# Pacific Energy Summit DIY Install...



## CK-1 (Mar 24, 2006)

These pics are from the PE Summit install my cousin and I did back in Feb.   Pics include, open masory fireplace, insert, direct connect kit installed, misc. tools, surround and trim,  fire burning and maybe the pallet the insert was on.   I will have to run the extension cord under the surround on the right side, but I will hold off on that until it gets warm (stove down time)

To date, this insert heats most of my 3000 sq. home.


----------



## CK-1 (Mar 24, 2006)

CK-1 said:
			
		

> These pics are from the PE Summit install my cousin and I did back in Feb.   Pics include, open masory fireplace, insert, direct connect kit installed, misc. tools, surround and trim,  fire burning and maybe the pallet the insert was on.   I will have to run the extension cord under the surround on the right side, but I will hold off on that until it gets warm (stove down time)
> 
> To date, this insert heats most of my 3000 sq. home.


----------



## CK-1 (Mar 24, 2006)

CK-1 said:
			
		

> CK-1 said:
> 
> 
> 
> ...


----------



## Corie (Mar 24, 2006)

Nice Work!

Overall, you're quite happy with the unit then eh? Seems like the install wasn't too bad


----------



## the_guad (Mar 24, 2006)

Awesome!  Congrats on the install... and just in time for spring!


----------



## Willhound (Mar 26, 2006)

OH YEAH Another Summit insert owner. Way to go.
You said the install was in Feb. How has the rest of the season been with it burning?

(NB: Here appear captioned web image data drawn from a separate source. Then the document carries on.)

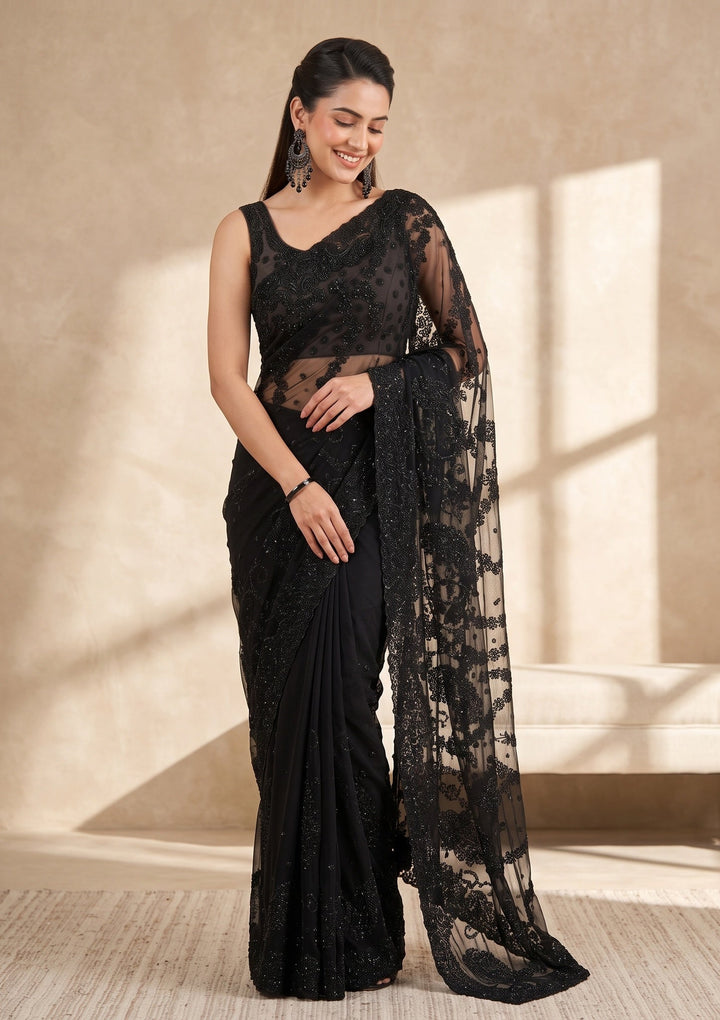 Black Swarovski Georgette Saree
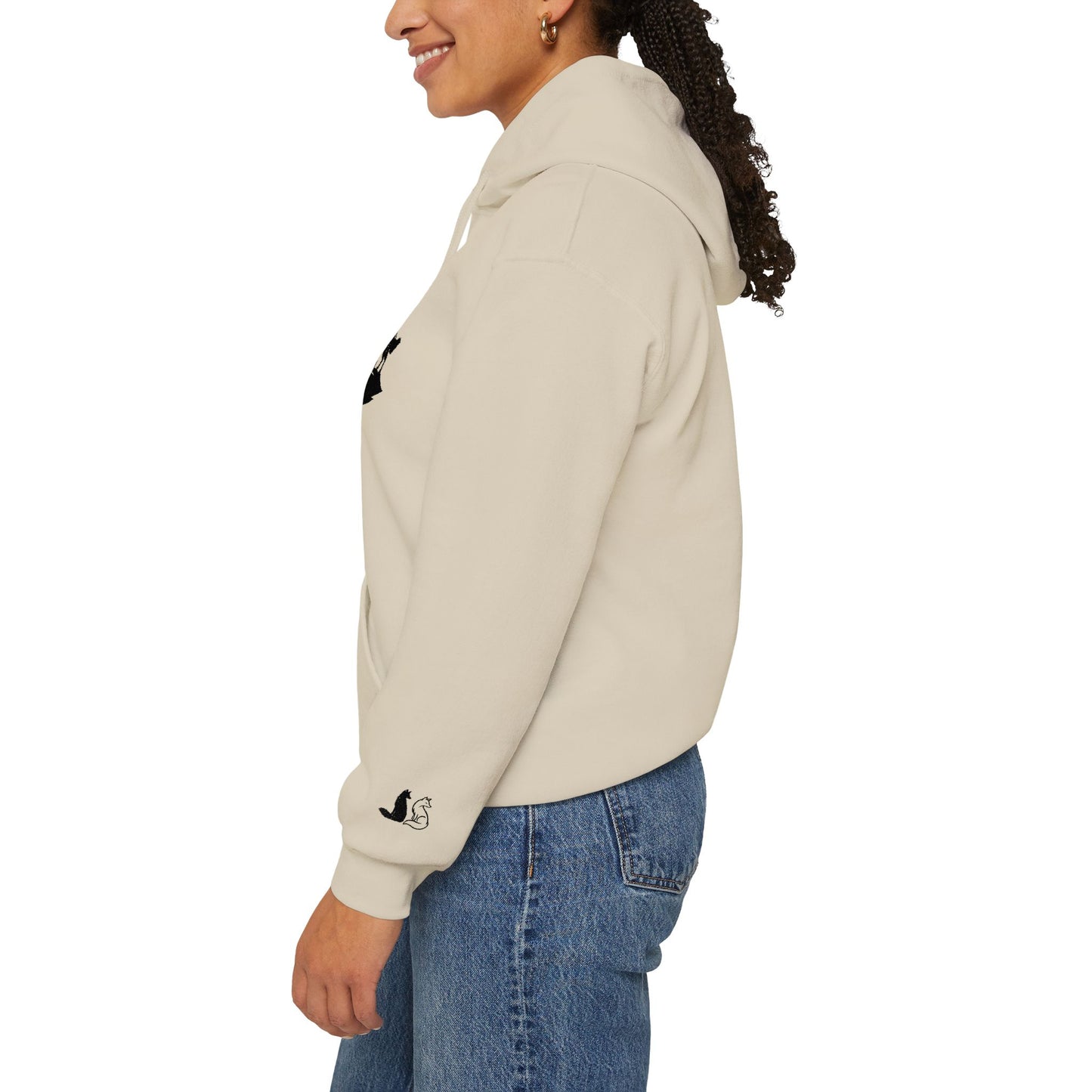 Embroidered Wolf & Moon Hoodie — Howling Wolf Silhouette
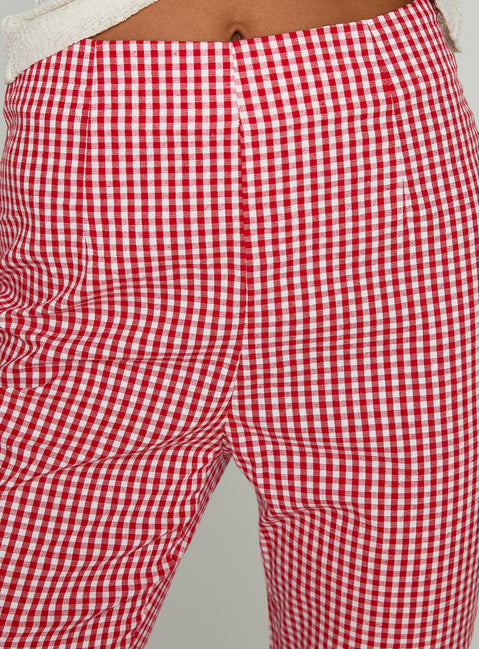 product Princess Polly Mignonette Capri Pant Red Gingham 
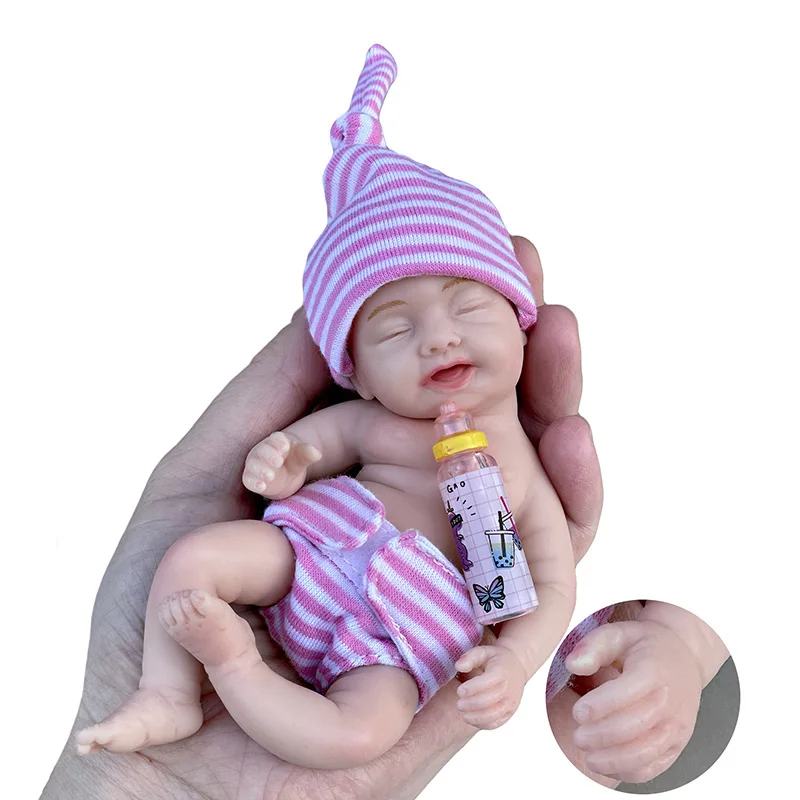 Дешево Силиконовые Мини-куклы Новорожденные, 6 дюймов, ручная работа, маленькая милая кукла новорожденная для сна, окрашенные силиконовые наборы н...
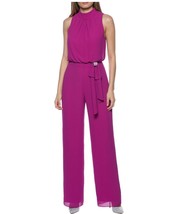 Marina Women&#39;s Purple Halter Mock Neck Rhinestone Bow Waist Jumpsuit 14 NWT - £59.02 GBP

You can see mine by clicking on my forum signature.

Willhound


----------



## CK-1 (Apr 3, 2006)

Most of the month of Feb. had been mostly cold.   Mostly all the way up to the last week of March.   The 6-8 hour burn, the secondary burning that looks like a gas stove burning at the top of the firebox, excellent view of the fire thru the glass door and the HEAT.   The oil truck hasn't been by, so it was a very good investment.. 

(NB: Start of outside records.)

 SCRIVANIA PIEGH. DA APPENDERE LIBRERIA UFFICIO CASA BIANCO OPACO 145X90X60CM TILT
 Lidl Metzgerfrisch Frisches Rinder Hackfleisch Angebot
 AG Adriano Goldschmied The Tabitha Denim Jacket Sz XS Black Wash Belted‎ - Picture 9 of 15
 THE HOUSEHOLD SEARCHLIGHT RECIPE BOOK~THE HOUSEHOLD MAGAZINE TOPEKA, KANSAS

I've viewed your install pics months ago, which actually answered some questions I had on my end..


----------



## Willhound (Apr 11, 2006)

I hear ya about the oil truck. I haven't got all the final figures in yet, but so far this season the Summit has cut about $1200 off my NG bill. Even with having to buy some wood this year (just started a new business, so kind of busy), I still figure the payback will be less than 4 years. And that's just the financial payback, not to mention the great atmosphere in the family room, and the work ethic it is teaching my daughter. (Ya work, you're warm, you don't want to work, you freeze).

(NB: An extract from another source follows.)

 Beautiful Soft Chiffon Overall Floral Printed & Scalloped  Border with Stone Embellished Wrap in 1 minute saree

Actually just going to re-light right now. We had a couple of warm days, so I slacked a bit, but the snow in the backyard has finally melted down to the point where I can get at one remnant of a pile I want to clean up and burn.

Willhound


----------



## wowchad (Nov 13, 2007)

Willhound said:
			
		

> ...and the work ethic it is teaching my daughter. (Ya work, you're warm, you don't want to work, you freeze)...
> 
> Willhound



Ha ha ha so it's not just me! I have 4 kids and take every opportunity to make this same point. My kids don't get an allowance, if they want to buy "stuff" they can come to the shop with me on Saturdays and put in 4 hours...at $5.00 per hour it's working out well. In fact they usually fight over who gets to go!


----------



## New PE Owner (Sep 4, 2008)

CK 1, 

Getting ready to install my new Pacific Summit Insert. After looking at your most helpful photo's I noticed a difference in the top venting flu that your stove has. Mine came delivered with a flush mounted 6" flu. Did you add an adapter or was your 6" flu exhaust integral to the stove?  

Thanks New PE Owner and new to the woodstove game.


----------



## RAY_PA (Sep 4, 2008)

I just installed my PE insert this past weekend, I used an adapter to connect the insert to the 6" flex liner.


----------



## New PE Owner (Sep 4, 2008)

Thanks Ray PA, correct me if I am wrong but was your PE insert's exit flu flush with the top of the sheet metal (silver) surround of the stove?? Tks again.


----------



## RAY_PA (Sep 4, 2008)

yes, the adapter sildes down into the insert 'exhaust hole', I should have taken a photo of that, but I didnt.


----------



## New PE Owner (Sep 4, 2008)

Thanks RAY PA, appreciate the help!!


----------